I fried up my second attempt at bacon this morning and it turned out great. The salt was perfect, it fried up crisp and not chewy. My family was over for breakfast and raved about it. They almost went through 2 lbs of it. 













IMG_1263.JPG



__ rbacci
__ Mar 1, 2015


----------



## dirtsailor2003 (Mar 1, 2015)

Nice work!


----------



## gary s (Mar 1, 2015)

If everyone likes it you better hide some it will go pretty quick.

Gary


----------



## woodcutter (Mar 1, 2015)

I just knew it was bacon when I read the title. Great job!


----------



## rbacci (Mar 1, 2015)

Ive already had requests if they could have some.

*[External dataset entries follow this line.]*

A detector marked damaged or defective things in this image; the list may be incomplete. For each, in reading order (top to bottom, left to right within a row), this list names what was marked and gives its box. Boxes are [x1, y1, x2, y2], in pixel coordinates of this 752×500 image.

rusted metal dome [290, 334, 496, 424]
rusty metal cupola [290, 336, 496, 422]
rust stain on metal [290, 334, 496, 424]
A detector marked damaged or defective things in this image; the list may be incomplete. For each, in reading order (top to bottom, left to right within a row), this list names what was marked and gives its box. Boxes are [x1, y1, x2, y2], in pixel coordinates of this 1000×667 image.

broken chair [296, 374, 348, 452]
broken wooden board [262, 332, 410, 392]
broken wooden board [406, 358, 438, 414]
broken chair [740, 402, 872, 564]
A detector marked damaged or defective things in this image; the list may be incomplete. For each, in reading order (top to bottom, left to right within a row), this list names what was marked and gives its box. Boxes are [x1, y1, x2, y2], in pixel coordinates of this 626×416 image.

I'm a dad so of course they can, I'll just make more.


----------



## foamheart (Mar 1, 2015)

Its amazing how a big family breakfast can come together, even those who never get up will show when asked for home made bacon! When the bacon is as good as that looks..... They'll sleep outside in their cars to insure not being too late!

Great job.

BTW soon you'll realize how your neighbors will be come much more friendly and want to drop by when they smell the smoke.....LOL   Take it as a compliment.


----------



## disco (Mar 1, 2015)

Great job on the bacon! As for the family eating 2 pounds, you need someone to guard the bacon and protect it from hungry friends and relatives. Send it here and I will guard it for you. You can always trust a Canadian.

Disco


----------



## rbacci (Mar 3, 2015)

Disco said:


> Great job on the bacon! As for the family eating 2 pounds, you need someone to guard the bacon and protect it from hungry friends and relatives. Send it here and I will guard it for you. You can always trust a Canadian.
> 
> Disco


Well I will say Canadians are some of the nicest people on the planet but I'll keep my bacon here.


----------



## disco (Mar 3, 2015)

Rbacci said:


> Well I will say Canadians are some of the nicest people on the planet but I'll keep my bacon here.


Har! Wise choice.

Disco


----------



## dave17a (Mar 3, 2015)

Disco said:


> Har! Wise choice.
> 
> Disco


Can't hold'em off with a fire arm Eh?


----------



## disco (Mar 3, 2015)

dave17a said:


> Can't hold'em off with a fire arm Eh?


In Canada, we hold people off with a polite request.

Disco


----------